**Task prompt:** Could you return, exactly as written, every line from the one containing "Wancher x Kuretake" through the last line of the entries below, leaving out the pictures?

**Dataset extract:**

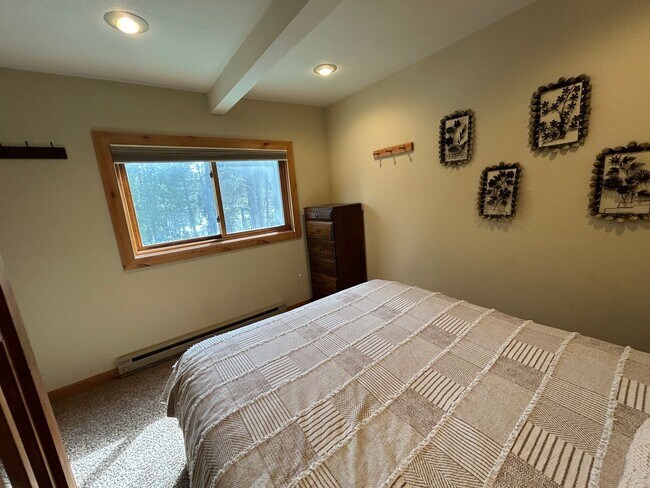 Building Photo - The Aspens 3-Bedroom Condo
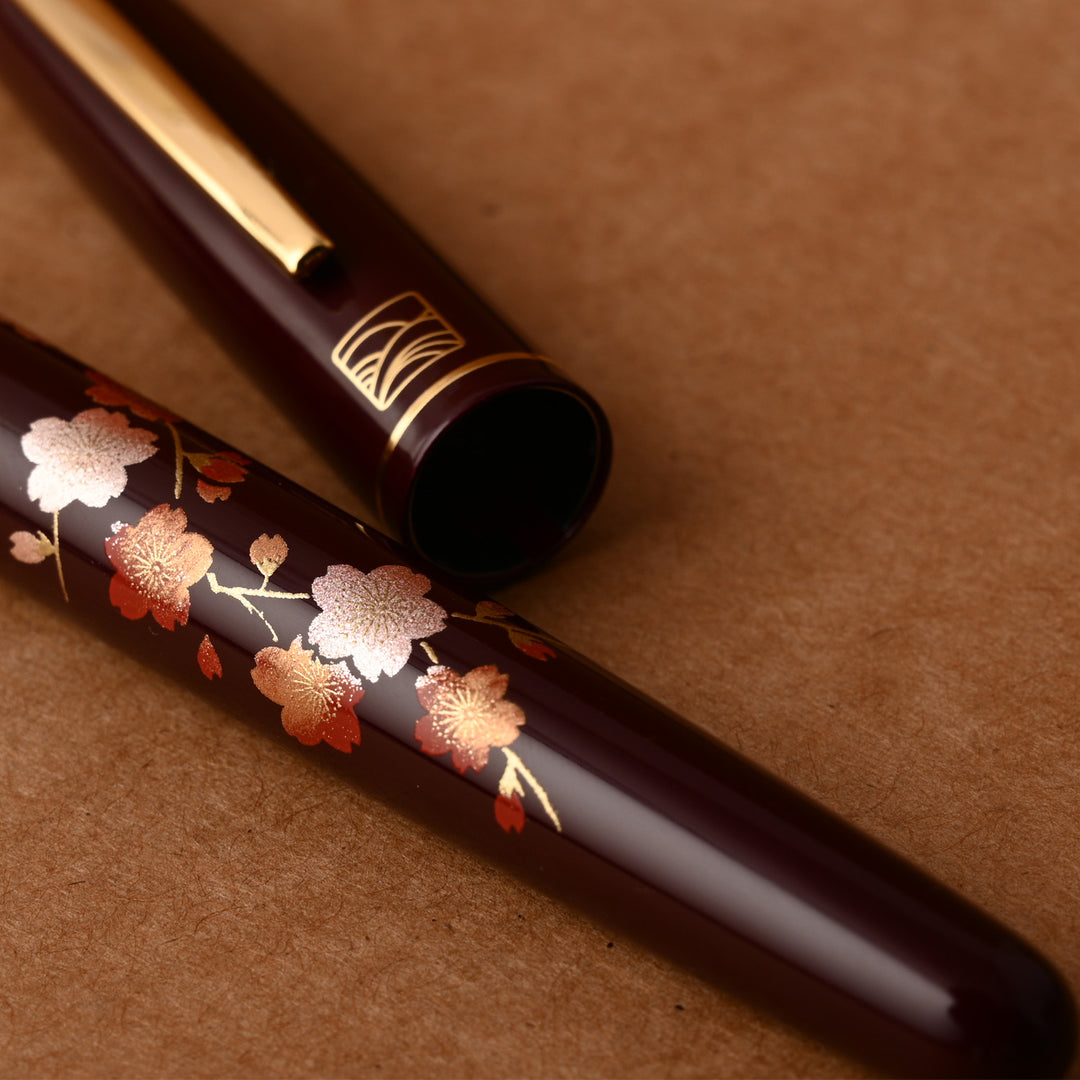 Wancher x Kuretake Kindai Maki-e Edazakura Fountain Pen
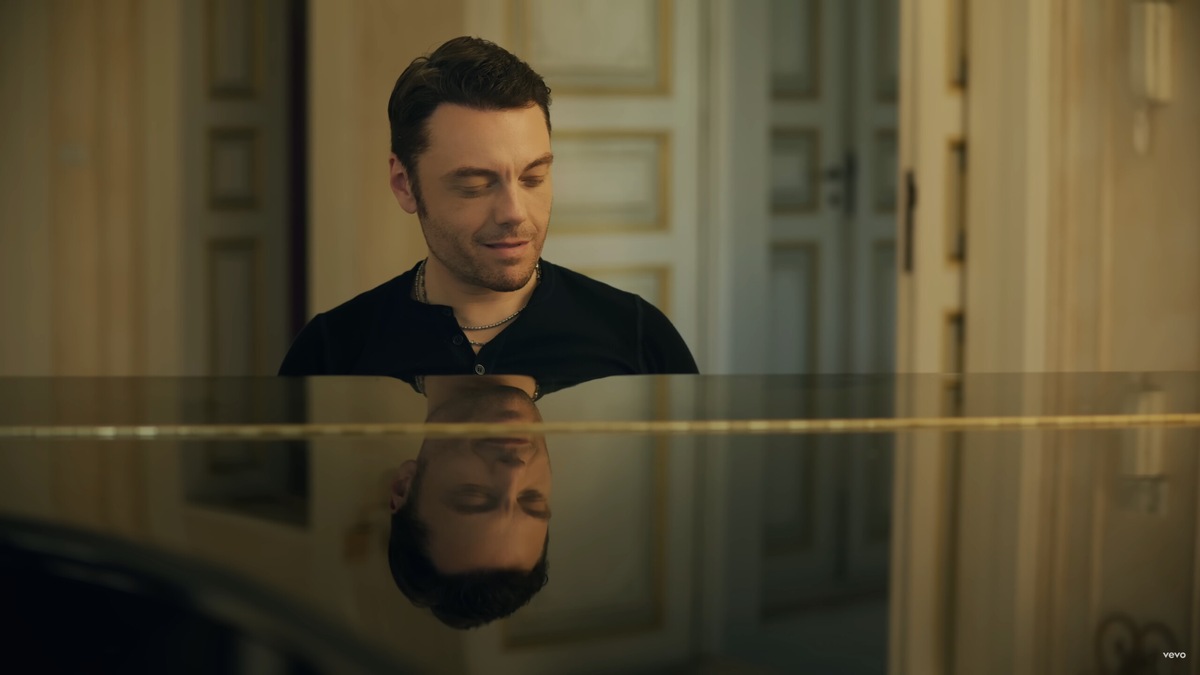 Tiziano Ferro, nella sua "cuore rotto" la protagonista è una Porsche elettrica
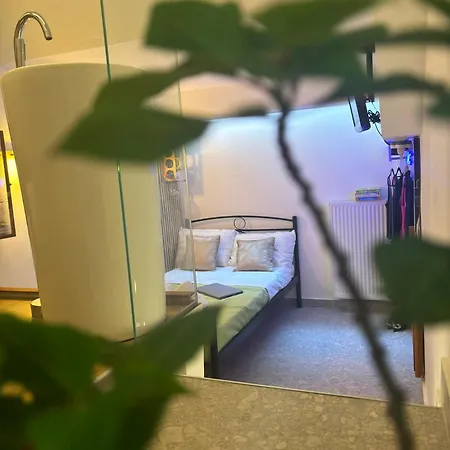 Cute Tiny At Pagrati, Center Apartment *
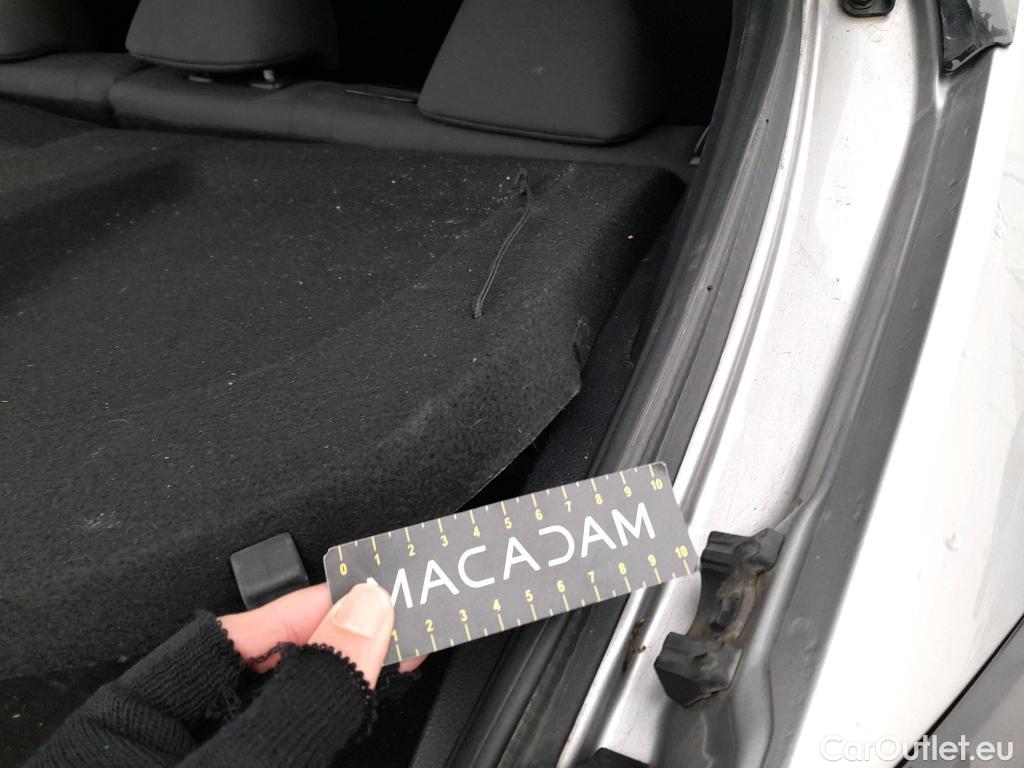  Toyota  C-HR TOYOTA  / 2016 / 5P / todoterreno 1.8 125H Advance (CX) #3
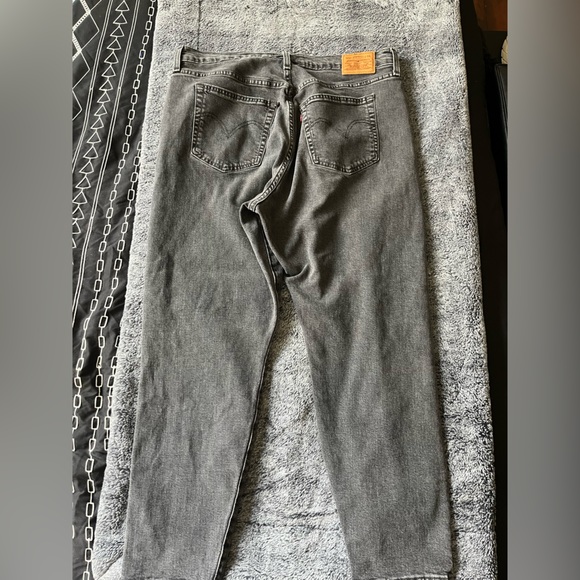 Levi's Women's Black Straight Jeans - Picture 4 of 7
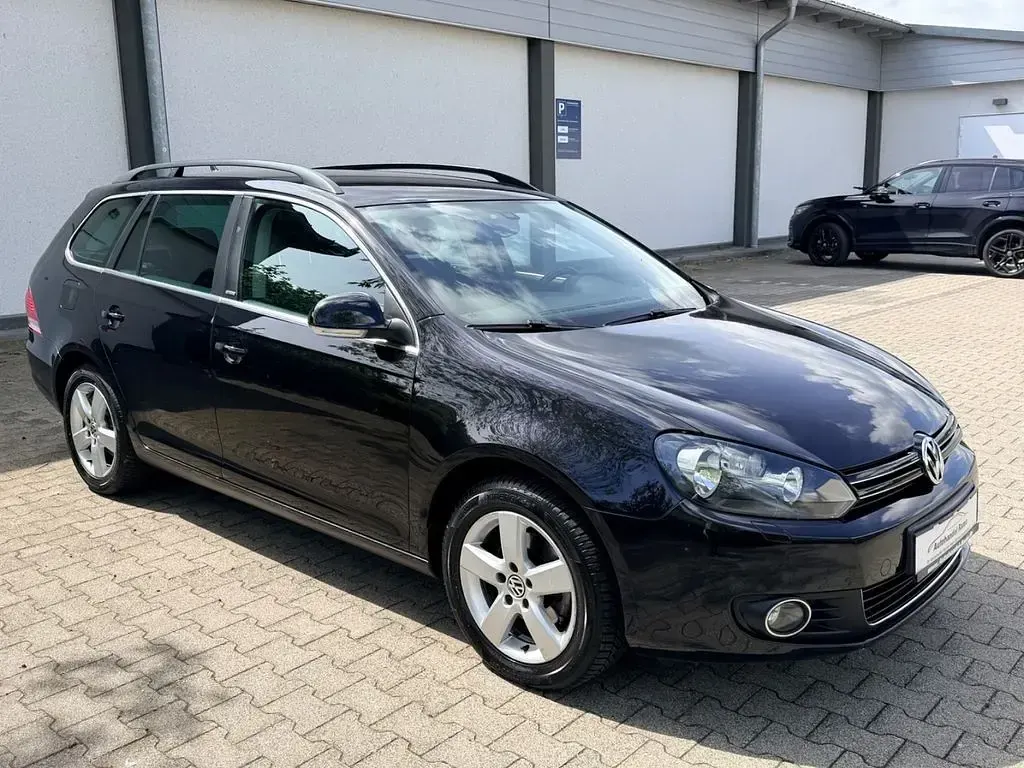 Second-hand VW Golf VII Style 105 CP (77 kW) 2016 Negru Break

**Answer to this problem:**
 Wancher x Kuretake Kindai Maki-e Edazakura Fountain Pen
 Tiziano Ferro, nella sua "cuore rotto" la protagonista è una Porsche elettrica
 Cute Tiny At Pagrati, Center Apartment *
  Toyota  C-HR TOYOTA  / 2016 / 5P / todoterreno 1.8 125H Advance (CX) #3
 Levi's Women's Black Straight Jeans - Picture 4 of 7
 Second-hand VW Golf VII Style 105 CP (77 kW) 2016 Negru Break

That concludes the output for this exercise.